Second, the Commonwealth should apply much greater rigor and discipline to the formulation of the Implementation Plan for closing the gap it committed to in signing up to the National Agreement, and consistent with the first point above, must ensure that the states and territories do so as well. This issue was identified as a shortcoming in the recent Productivity Commission report.

 

Third, the Commonwealth should look to the defence portfolio for guidance on how best to think about the complex and challenging dynamics of the Indigenous policy domain. I argue that it is time the government commissioned an independent strategic review of the Indigenous policy domain, akin to the recent 2023 Defence Strategic Review (link here), aimed at bringing a much greater degree of discipline, rigour and, most importantly, urgency to a worsening crisis blighting the life opportunities of many tens of thousands of First Nations citizens.
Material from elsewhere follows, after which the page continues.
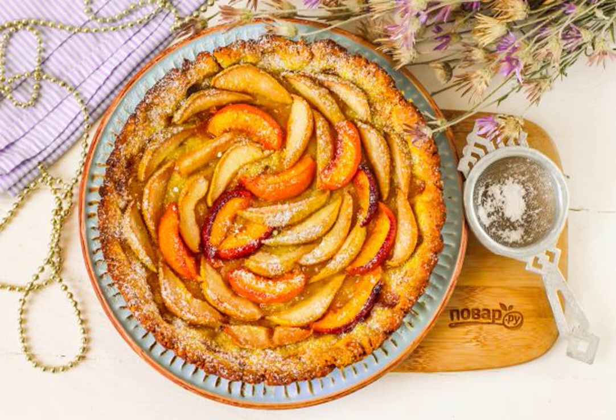A delicious cake on lard can be prepared for an evening tea party. You can choose the filling yourself: jam, fruit or berries, cheese, etc. The pie will turn out with a crispy base and a tender core.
The government should also initiate action to estimate the cost of closing the gap over the next decade. This would do two things: it would give greater prominence to the actual economic costs (but not wider social and cultural costs) of the disadvantage, trauma and structural exclusion too many First Nations citizens live with; and it would allow the electorate at large to build a greater understanding of the financial and policy effort that will be necessary to close the gap.

 

None of these three policy reforms involves legislation, significant financial outlays, and adverse impacts on other interest groups. They are what is required for any serious attempt at closing the gap. The failure to pursue them is a sign that we Australians are prepared to live with a national tragedy which involves the continuing diminution of thousands of First Nations citizens’ life opportunities.